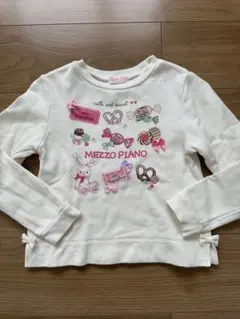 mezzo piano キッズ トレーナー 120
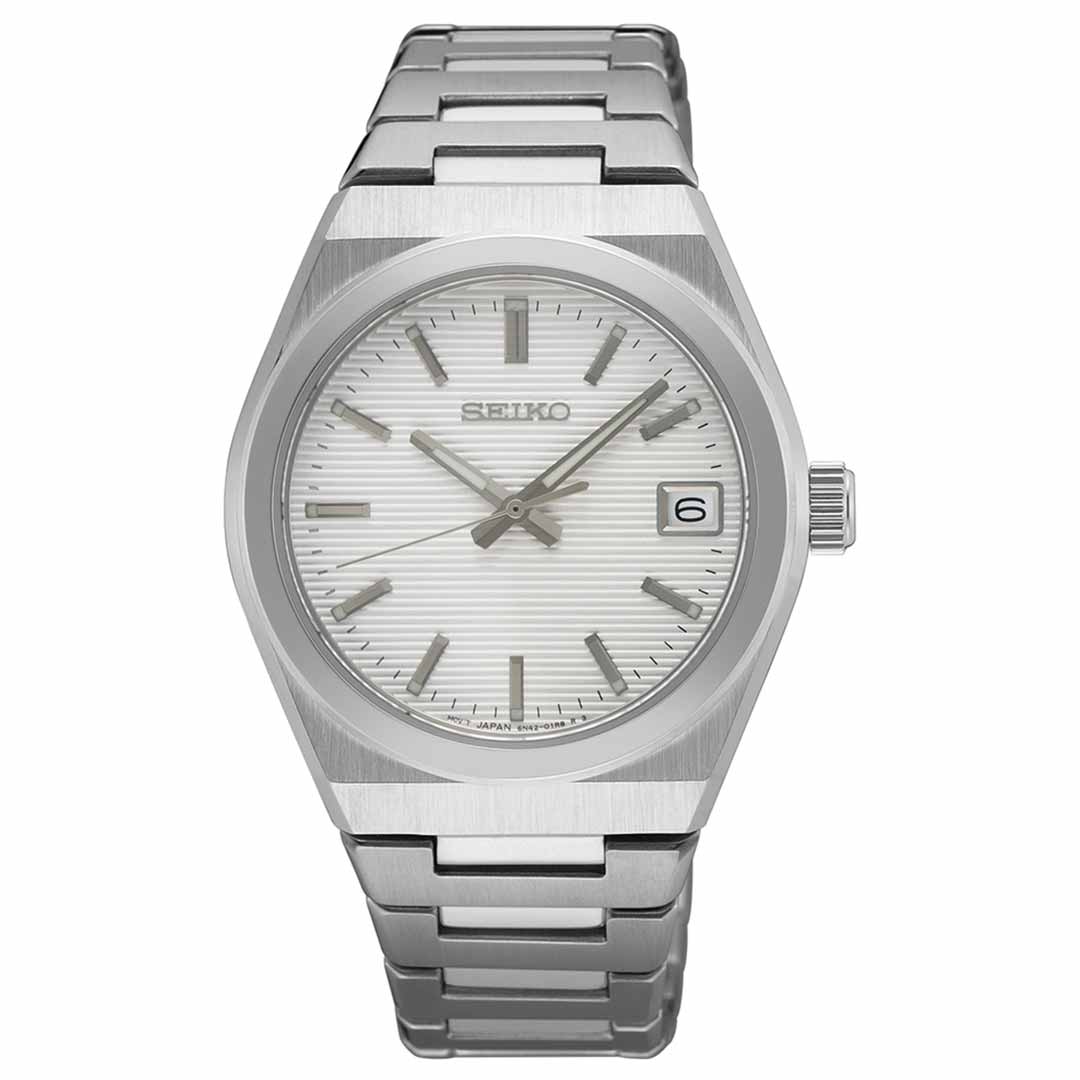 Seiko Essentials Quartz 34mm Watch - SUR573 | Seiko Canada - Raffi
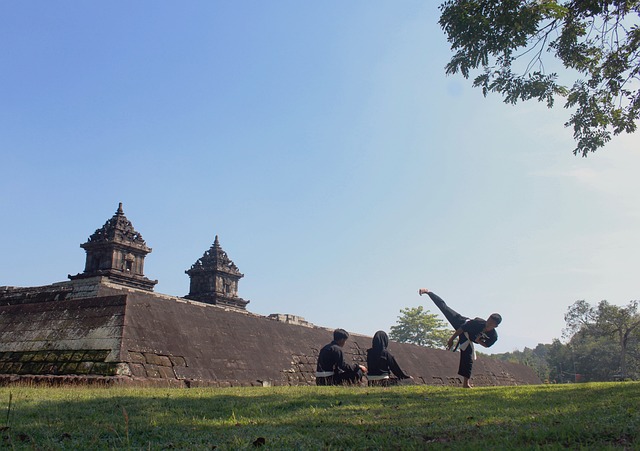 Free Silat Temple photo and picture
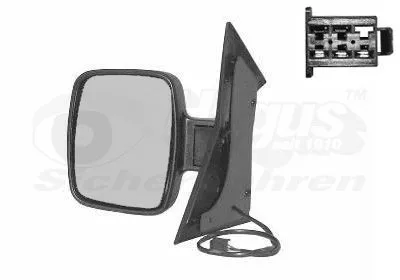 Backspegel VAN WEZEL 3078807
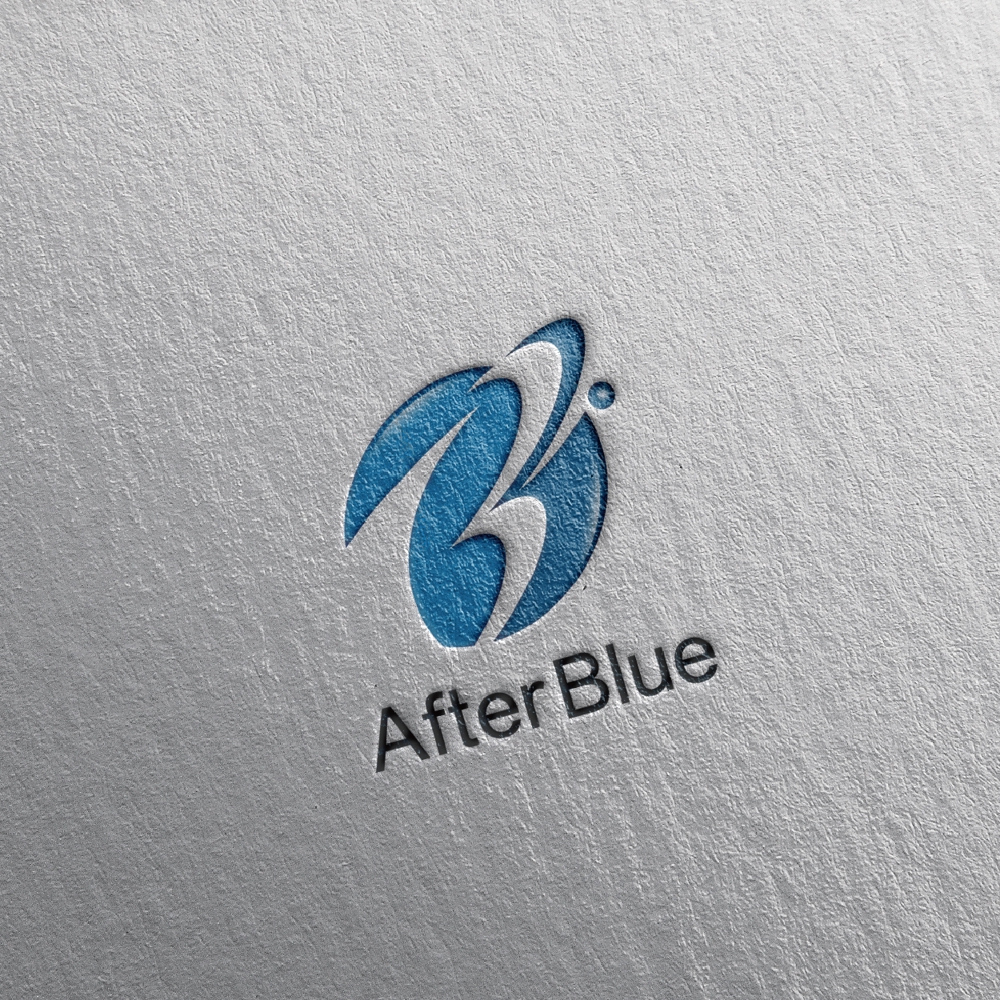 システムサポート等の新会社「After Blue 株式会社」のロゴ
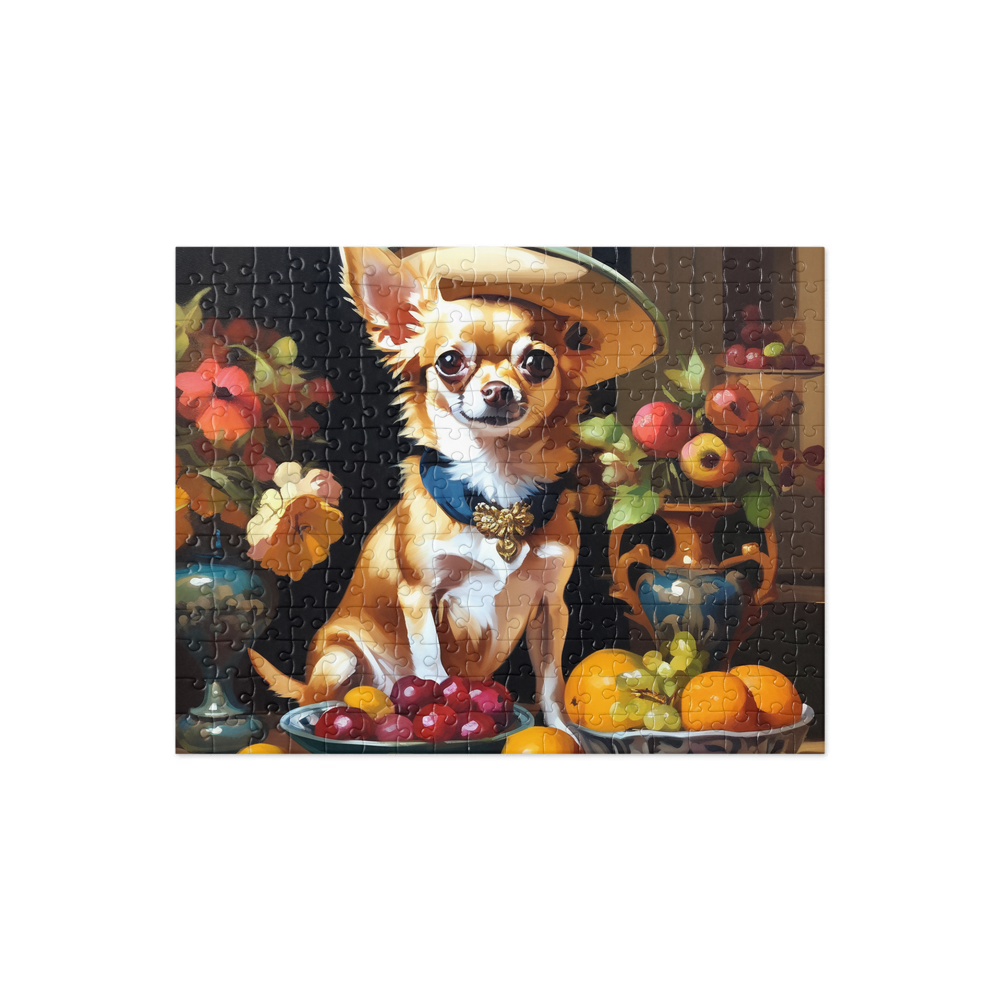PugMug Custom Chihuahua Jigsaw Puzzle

....

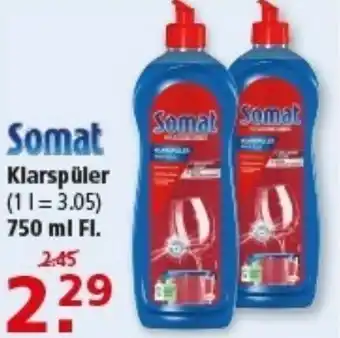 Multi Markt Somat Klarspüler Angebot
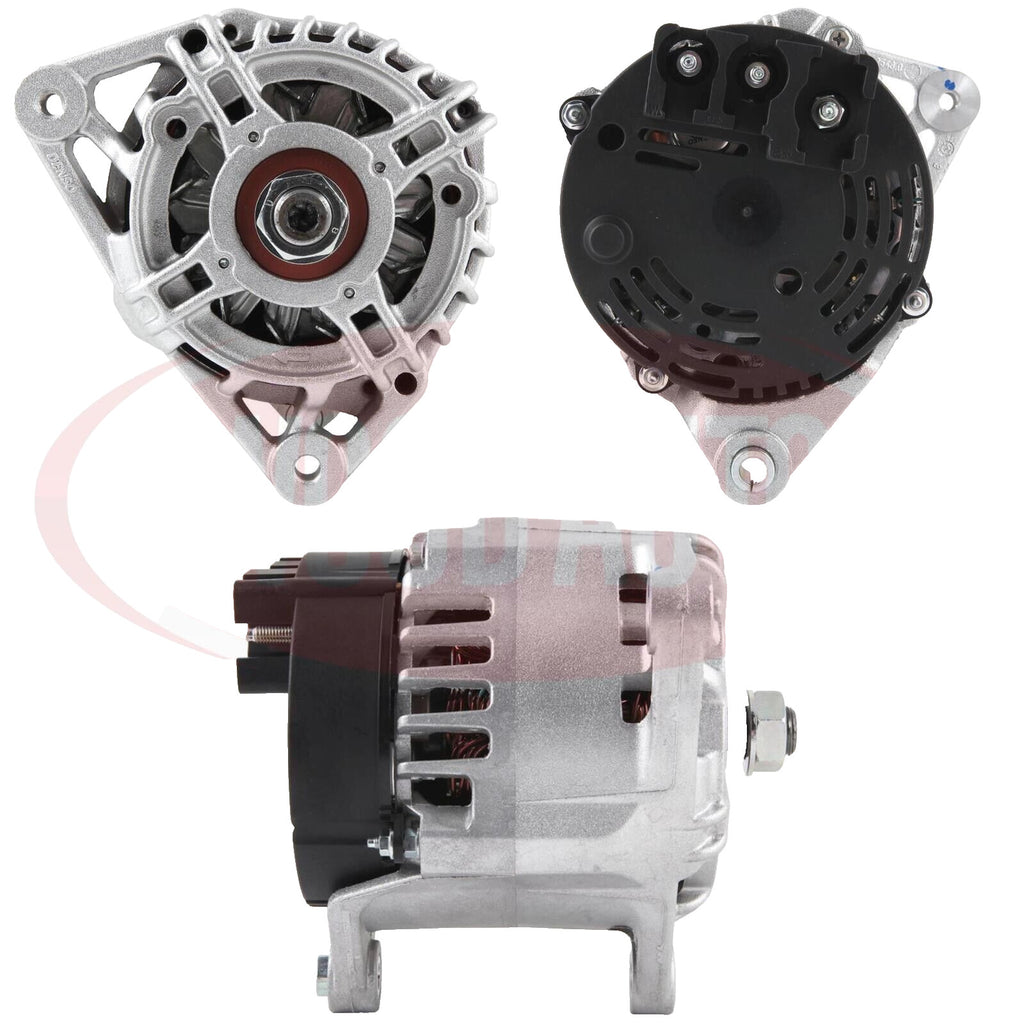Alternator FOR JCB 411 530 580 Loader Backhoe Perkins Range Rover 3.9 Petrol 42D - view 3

....

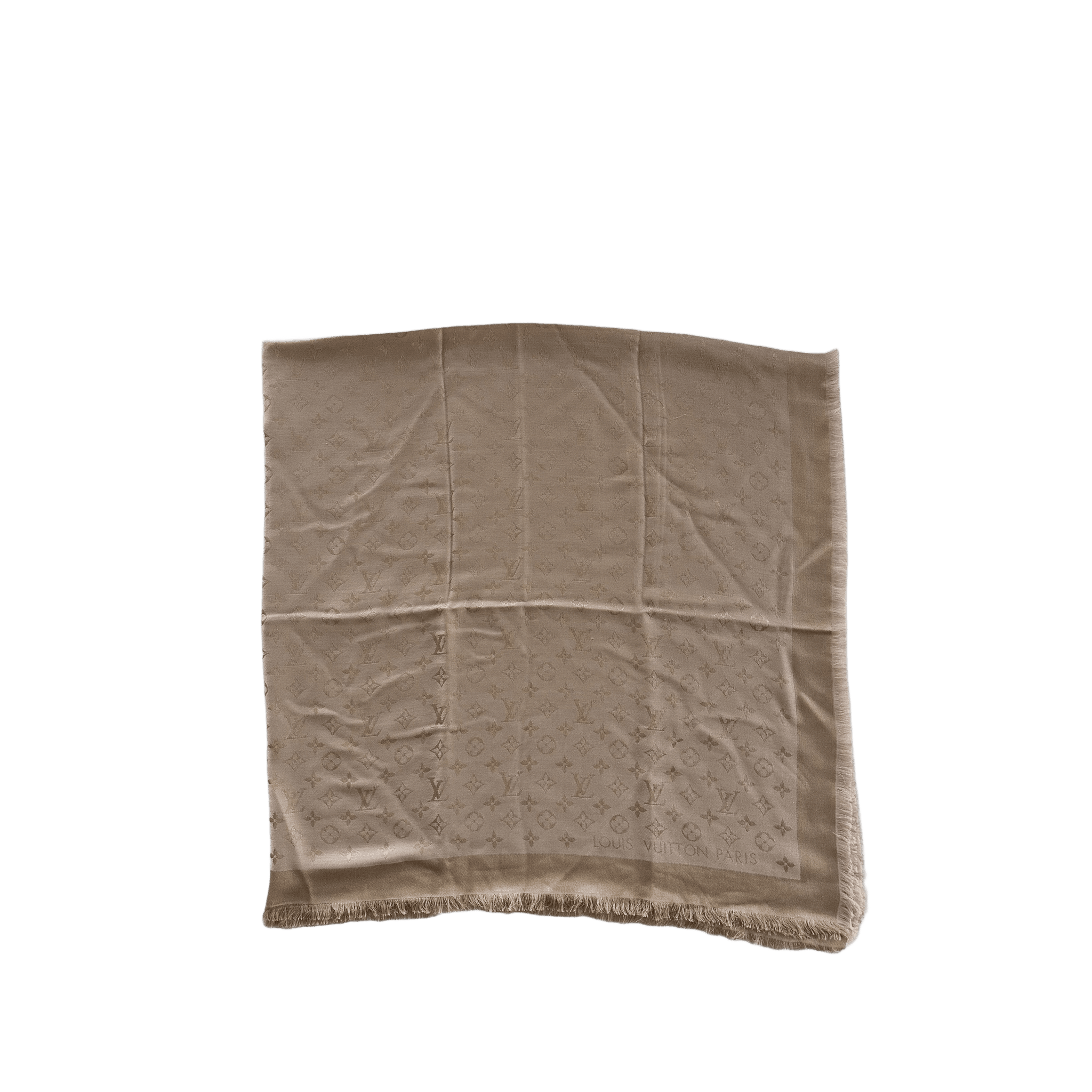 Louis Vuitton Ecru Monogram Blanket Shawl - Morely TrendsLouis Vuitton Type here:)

....

Task brief >>
The copy should hold only the lines from the one with "mezzo piano キッズ トレーナー 120" through the one with "PugMug Custom Chihuahua Jigsaw Puzzle", exactly as they stand above. Leave out the pictures.

Answer below >>
 mezzo piano キッズ トレーナー 120
 Seiko Essentials Quartz 34mm Watch - SUR573 | Seiko Canada - Raffi
 Free Silat Temple photo and picture
 Backspegel VAN WEZEL 3078807
 システムサポート等の新会社「After Blue 株式会社」のロゴ
PugMug Custom Chihuahua Jigsaw Puzzle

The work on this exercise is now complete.